What’s going to happen if and when a three-loss team wins a Power Five championship over the juggernaut favorite?

How is it going to work out when a one-loss team – like a Louisville, Texas A&M, or, potentially, Michigan – looks better than a deserving Power Five conference champ?

The CFPers are all thumping for four-best teams, four-best teams, four-best teams, but the precedent was established over the first two years that conference championships matter, and now it’s not fair to break from that.

The four best teams in college football are Alabama, Michigan, Ohio State and Clemson, with an argument to be made for LSU based purely on talent.

One of those teams could be upset on a bad day – like Clemson almost was by NC State – and one of those teams could have a bad quarter and melt down at the wrong time, like Ohio State did against Penn State. But two months into the season, we really do know who the four best teams are – there’s your playoff.

But that’s not how this works.

If there’s one thing to know about the College Football Playoff process, it’s that each team, each slot, and each ranking is meticulously argued for and poured over. There’s no guessing here, and there’s no throwing a team into a spot just because it looks pretty good. Whatever comes out isn’t being slapped together willy-nilly.

But again, what is this really going to be based on? The four best teams? The four most deserving teams? The conference champions with the best records?

The CFP got away with not having to answer that over the first two years, so with all of that in mind, and trying to fix something before there’s a problem …

Because I don’t annoy these people enough …

And just like the College Football Playoff people do whenever I bring these things up in polite conversation, just nod your head before moving on to more important matters.
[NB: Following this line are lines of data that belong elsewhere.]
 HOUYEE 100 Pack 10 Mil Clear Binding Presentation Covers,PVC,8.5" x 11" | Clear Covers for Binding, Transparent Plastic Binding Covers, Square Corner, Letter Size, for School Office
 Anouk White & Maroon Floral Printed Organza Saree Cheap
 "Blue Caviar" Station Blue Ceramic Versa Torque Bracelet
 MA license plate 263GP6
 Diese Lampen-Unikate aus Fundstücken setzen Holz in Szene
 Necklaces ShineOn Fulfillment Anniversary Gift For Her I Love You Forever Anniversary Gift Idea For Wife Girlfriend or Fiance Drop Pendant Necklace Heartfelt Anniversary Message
But I really do have three easy tweaks to make this whole thing even better and take as much controversy out of the equation as possible.

Conference Champions Only

Again, the CFP left itself an out by not mandating this, but it has to be a mindset that separates college football from the rest of the gimmicky post-seasons in all the other sports.

If you’re not good enough to win your conference championship, or especially your division, you shouldn’t be playing for the national title.
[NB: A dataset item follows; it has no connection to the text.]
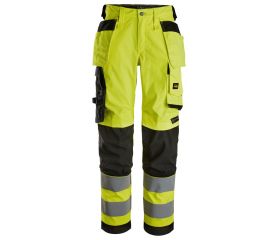 6743 Pantalones largos de trabajo elásticos de alta visibilidad clase 2 para mujer con bolsillos flotantes amarillo-negro
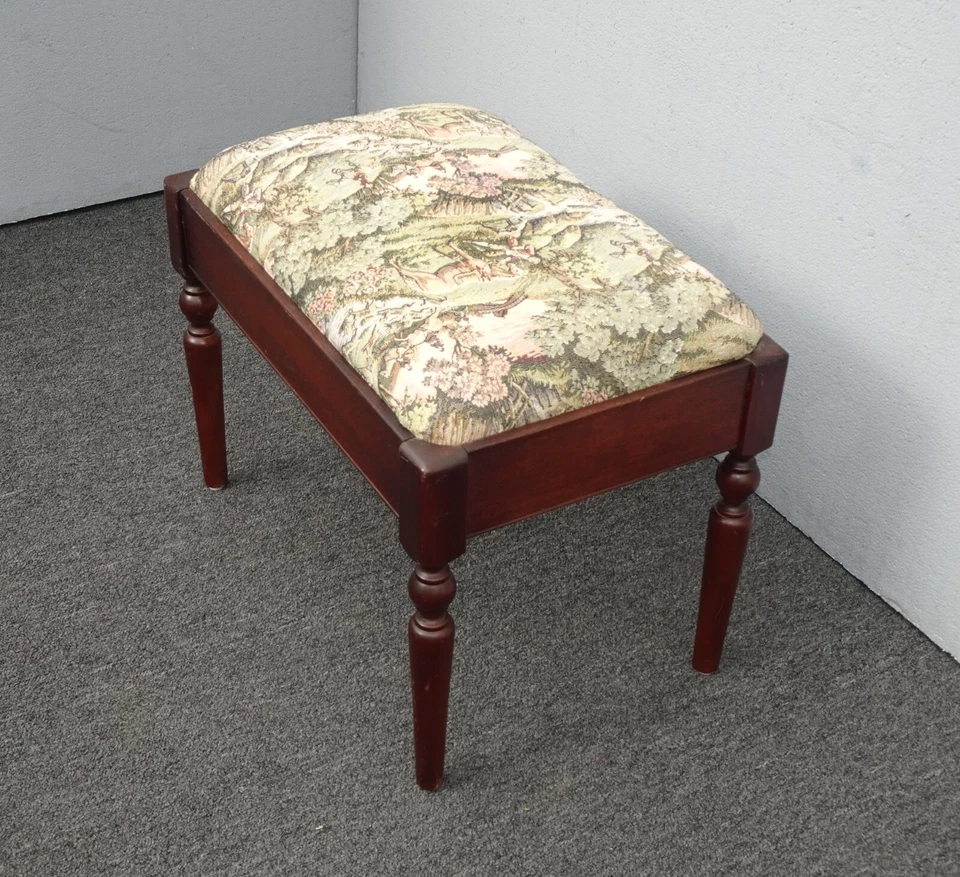 Taburete de banco de tapiz francés vintage ~ Campestre Caballos Cruzando Vapores Foto 3 de 4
If that means if a 12-0 Alabama juggernaut has an off day in Atlanta in early December and isn’t in, so be it. The cliché matters: every week is a playoff in college football. That’s why the sport is so good right now, and it’s partly why the regular seasons in other sports have become disposable.

Teams need to know what they’re dealing with and what to shoot for. You want in? Win your conference. That’s been implied over the first two seasons, but it has to be a rule.
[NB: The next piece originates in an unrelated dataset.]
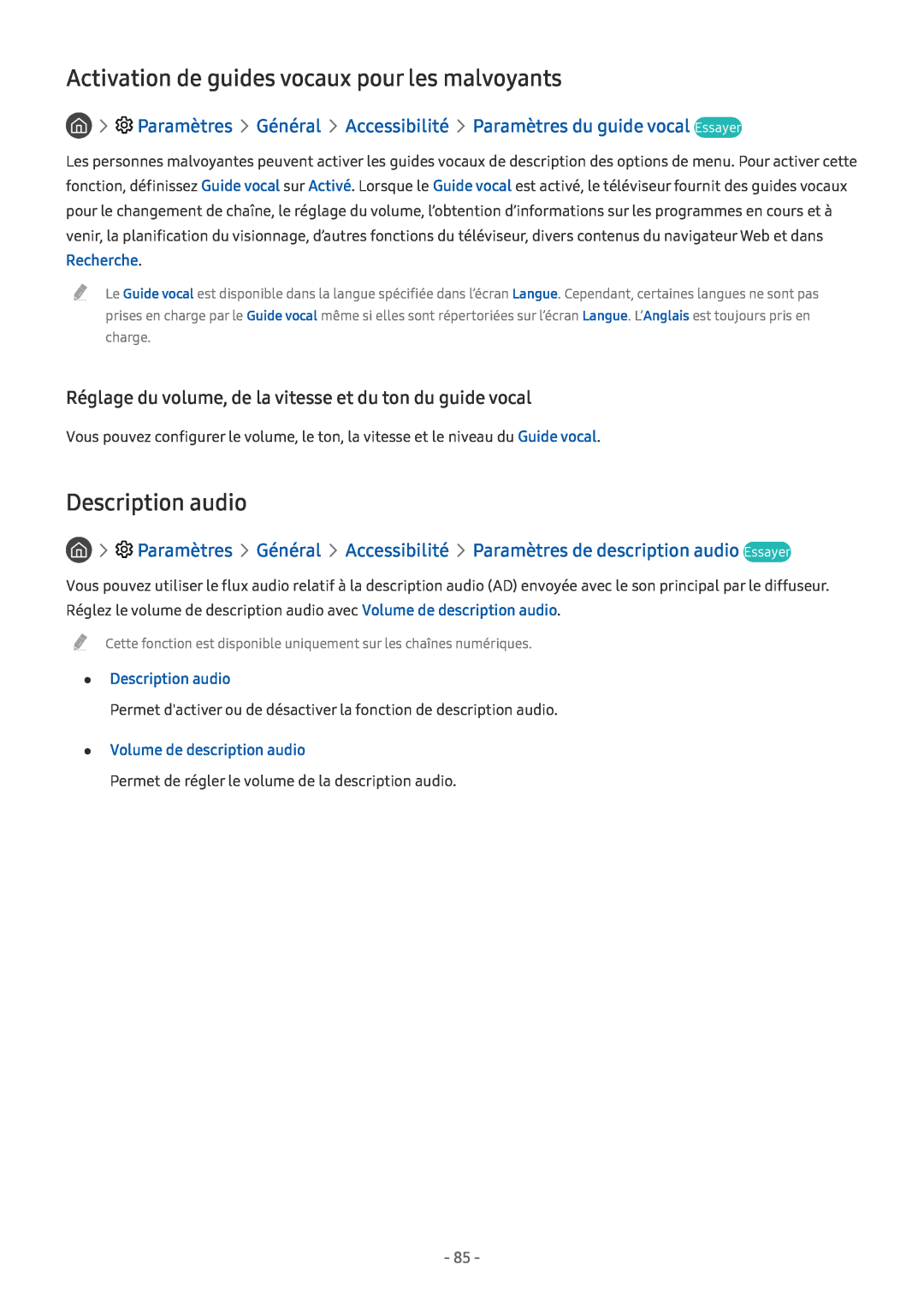 Samsung UE49MU6645UXXC Activation de guides vocaux pour les malvoyants, Description audio, Volume de description audio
Televise The Entire Voting Process C-SPAN Style

I’ve said this from the very start. The committee members are the alpha males – and female – who didn’t get to their respective positions in life, and on this committee, by being meek.

Condoleezza Rice was the Secretary of State under 43 – she’s hardly going to cower just because Chad from Columbus tweeted something snarky.

Wouldn’t teams like to know where they really and truly stand?

The one big misfire in the CFP process was TCU two years ago, being ranked in the top four right up until the very end when the dream was yanked away after doing exactly what it was supposed to do in the final weekend. It’s only fair that teams, coaches, and fans know what’s being said about them.

Do The New Year’s Six Bowl Projections, Too

Again, it’s all about the teams knowing where they stand. We know that the top four teams get into the playoff, the Big Ten and Pac-12 send teams to the Rose no matter what, the Big 12 and SEC sends teams to the Sugar no matter what, and the ACC sends a team to the Orange no matter what against either a Big Ten, Big 12 or SEC team. We also know that the highest-ranked Group of Five team gets a New Year’s Six Bowl slot, almost certainly the Cotton Bowl this year.

So finish the drill, CFP committee, and project out which teams go where. We can figure that out for ourselves, but confirm what the rest of us are speculating.

Turning the dial now to the Not Gonna Happen, But Should setting

Now the tour is leaving the Land of the Possible and entering into Funkytown. Here’s how you do this several years from now when the system is tweaked, so everyone knows the deal, and everyone knows the rules, and everyone gets to make gobs and gobs of money making the College Football Playoff a bigger thing than it already is.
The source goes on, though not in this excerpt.